Much of your work is quite soft and playful in colour and subject matter. Where do you draw your inspiration?
I make lots of notes around narratives and concepts I find interesting / little drawings of compositions or spacial balance that I might see in nature and want to remember. I like to use colours that are more sophisticated and muted than loud and obnoxious.
Do you feel as though your style has changed much over time?
Yes, it is constantly changing. 12 years ago I only drew black and white posters of people with tattoos and 10 double chins. I think it's important it grows and moves as I get older and moves with what I find interesting.
You recently completed the painting of 4 silos as part of Art in the Wheatbelt. Tell us a bit about the project!
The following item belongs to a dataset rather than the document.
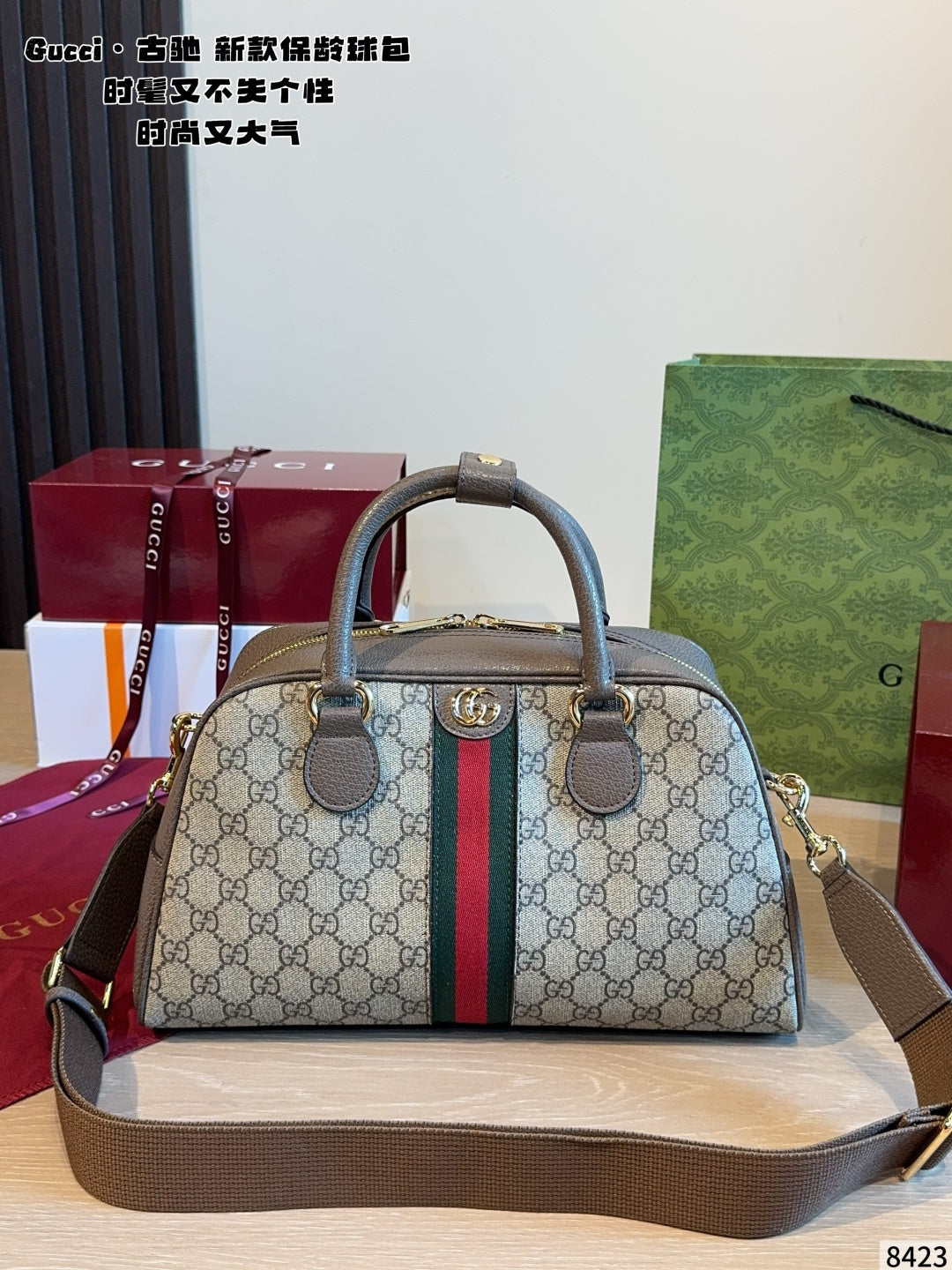 Gucci bowling bag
I was commissioned to paint 4 x 35m silos in Merredin in the wheatbelt of Western Australia. The work is part of a bigger project called the public silo trail in Western Australia and aims to cast a light on these beautiful, distinctive regions. Tourism maps will connect the completed silos for visitors to tour. It was a great and challenging project to paint at such an extreme scale.
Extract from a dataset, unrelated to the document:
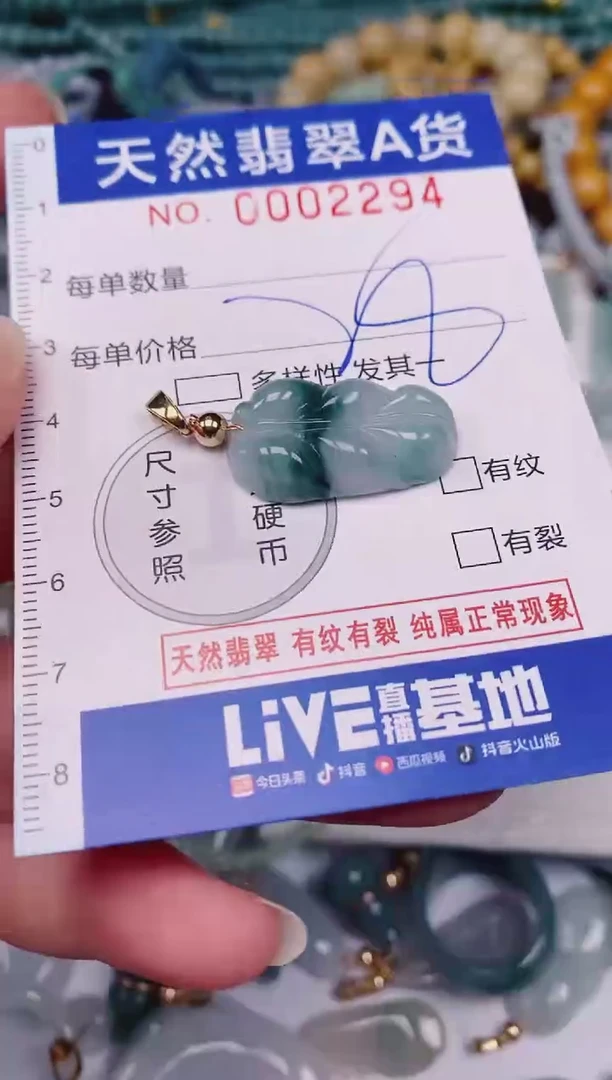 颈饰未镶嵌翡翠00002294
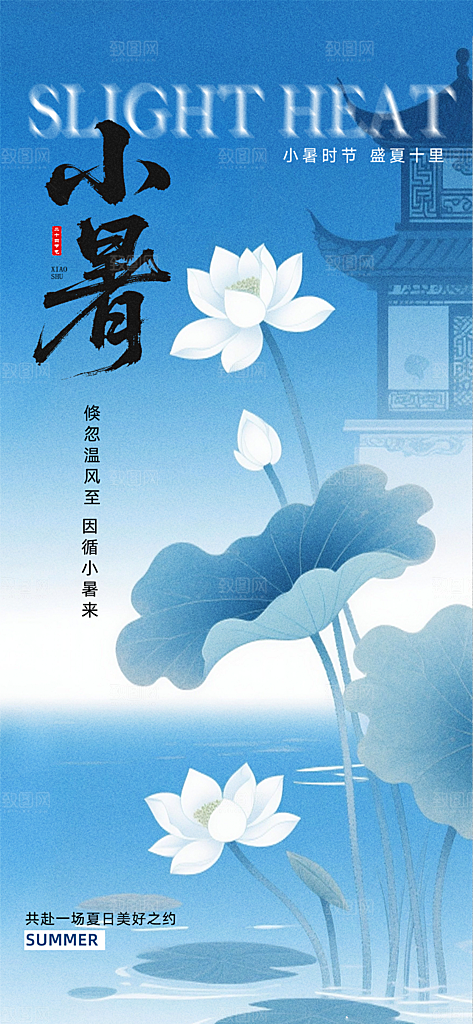 小暑大气节日唯美简约节气海报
"I was commissioned to paint 4 x 35m silos in Merredin in the wheatbelt of Western Australia. The work is part of a bigger project called the public silo trail in Western Australia and aims to cast a light on these beautiful, distinctive regions."
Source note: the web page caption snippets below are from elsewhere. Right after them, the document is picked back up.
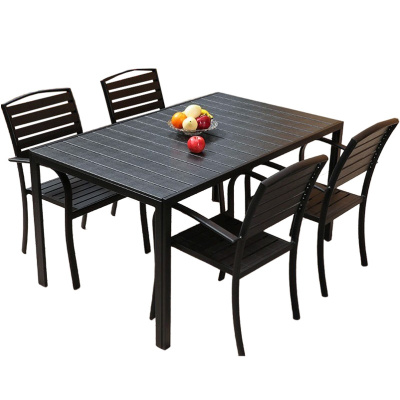 依韵珂户外桌椅150*90cm+4椅套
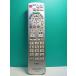 S178-144* Panasonic Panasonic* телевизор дистанционный пульт *N2QAYB000484* отправка в тот же день! с гарантией! быстрое решение!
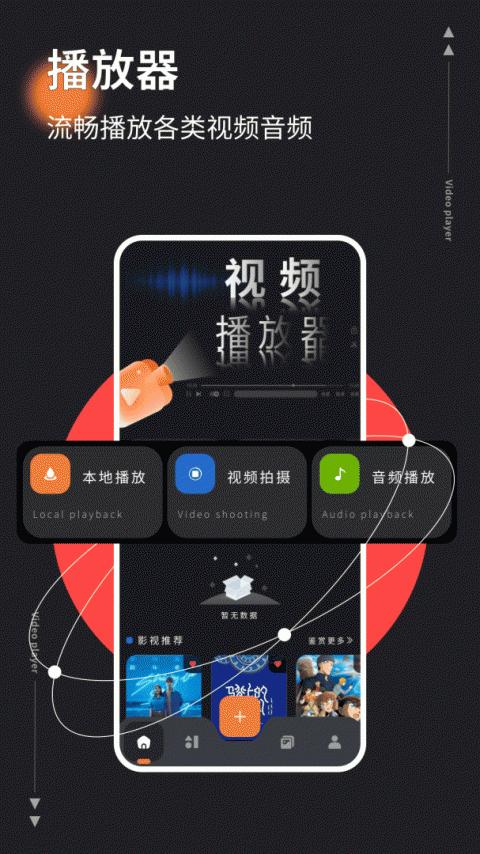 红桃影视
Is there anything you aim for people to take away from your art?
Recently I have been actively trying to make more positive narratives / works rather than focusing on the negative. Making paintings about celebrating human problem solving and ingenuity and also playing with colour and abstraction. Focusing on the broader idea of human spirit.
Tell us a secret...
Secrets are for creeps.
What can we expect to see from you in the near future?
More public art, I have solo exhibitions in Madrid and Melbourne next year, and working on more book ideas.
Any advice for the kids of tomorrow?
Don't wait to be magically basquiated into the artworld. Work really hard.